Robert Earl Stewart is a poet, fiction writer and photographer. He received his B.A. in English Language and Literature from the University of Windsor, and followed it up with a an M.A. in Contemporary American Fiction from McGill University. His poetry has appeared in journals in Canada, the U.S. and Great Britain, including nthposition, This Magazine, Monday Night and the Moosehead Anthology X. His first collection of poetry, Something Burned Along the Southern Border, was published by Mansfield Press in 2009. He lives in Windsor, Ont., with his wife, Jennifer, and their three young children.
1 - How did your first book change your life? How does your most recent work compare to your previous? How does it feel different?
My fist stated ambition was to be a clown that made balloon animals. Then, I wanted to be a baseball player. Then, I wanted to be a writer. Then, for a long time, nothing happened. Then, I started writing seriously when I was about 24. And then, for a long time, I lived in what I think is that standard writer’s paradox, alternating between a really inflated sense of self, and crushing self doubt. The publication of Something Burned Along the Southern Border didn’t so much tip the scale towards one extreme or the other, but helped create some balance in my life. There’s certainly a sense of accomplishment and a lot of excitement around have my first book published, and in some cases, I even felt vindicated. But the first book has allowed me to relax a bit, and refocus—not just in my writing, but personally. Nothing seems quite as urgent as it did even a year ago. It’s like I finally allowed myself to come up for air, which I guess makes me sound very driven. But really, I’m just that guy who wanted to make balloon animals. I haven’t missed the mark by that much.

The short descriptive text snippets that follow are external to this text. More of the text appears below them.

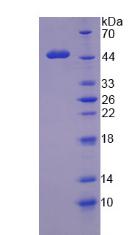 WT1 / Wilms Tumor 1 Protein - Recombinant Wilms Tumor Protein (WT1) by SDS-PAGE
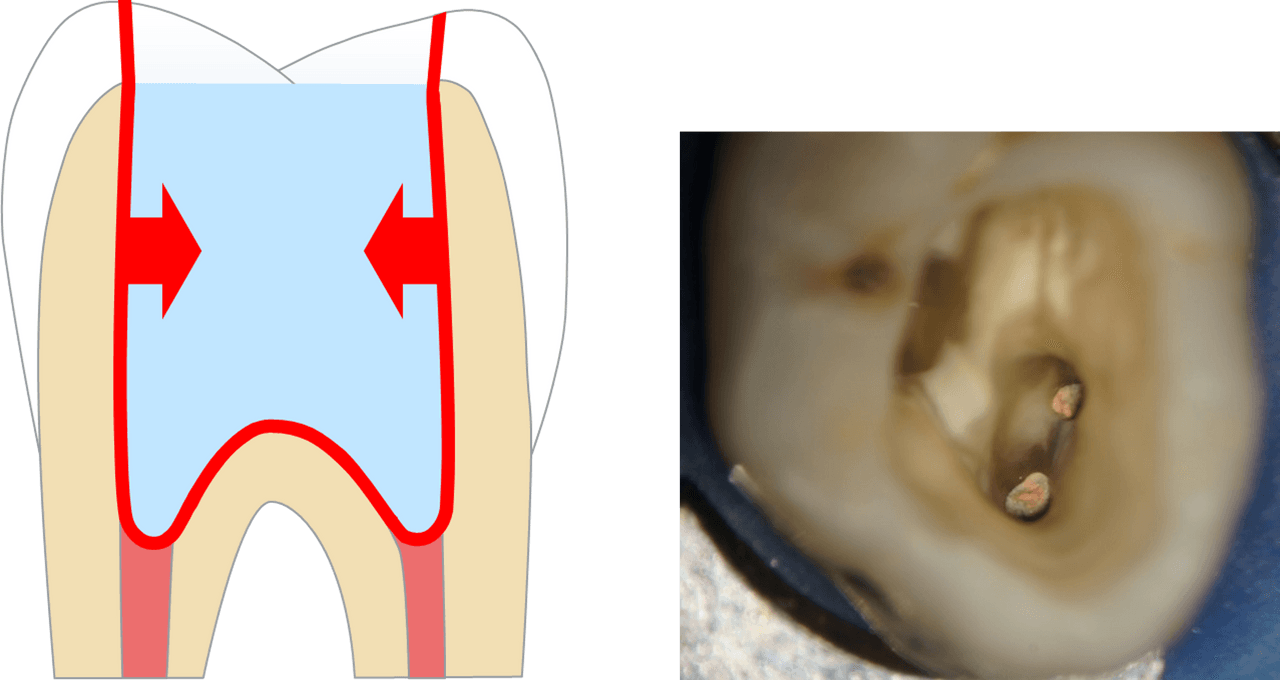 Large quantities of filling material need to be placed in posterior post-endodontic cavities, which can create significant shrinkage stress through the amount of bonded surfaces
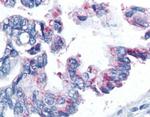 Survivin Antibody in Immunohistochemistry (Paraffin) (IHC (P))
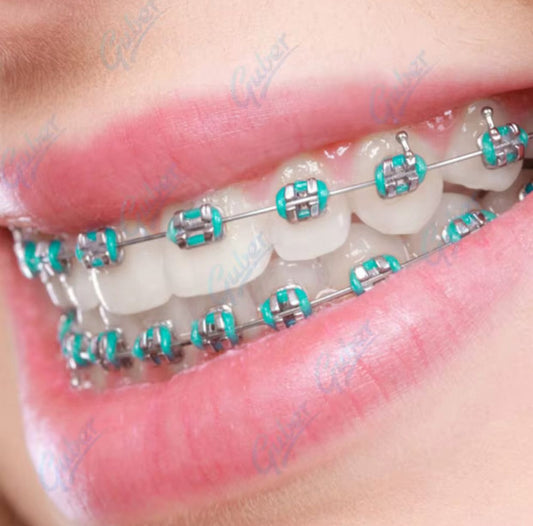 Appareil Dentaire Esthétique – Sourire Stylé & Tendance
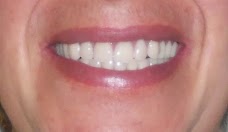 Cosmetic Denture Designers glasgow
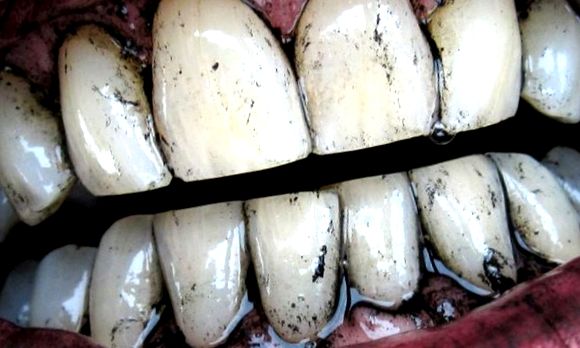 Albirea dinților cu cărbune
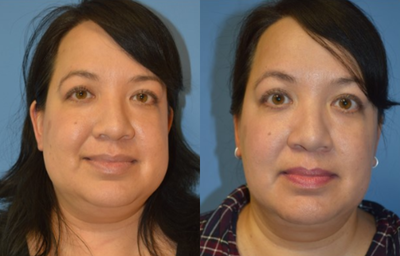 Buccal Fat Removal before and after photo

2 - How did you come to poetry first, as opposed to, say, fiction or non-fiction?
Actually, I came to fiction first. I’d been the singer and lyricist in a crazy rock band called Elephant, but when we disbanded in 1994, I stopped writing anything that could even be (mis)construed as a poem and it would be 10 years before I wrote anything that actually was poetry. It was in the spring of 1998 while I was living in the McGill Ghetto in Montreal that I started writing short stories—and I wrote a few other’s over the next few years. I’m working on a few right now, actually. In Feb. 2001, I started working on a novel. The manuscript sits at around 700 pages and it is always on my mind, but it gets neglected. Poetry arrived in a big, inspired rush on Aug. 8, 2004—my son Nathanael’s second birthday—when I leapt out of our pool and ran up to my office and sat soaking wet at my computer, writing a poem called “The History of Baseball” which is in my first collection.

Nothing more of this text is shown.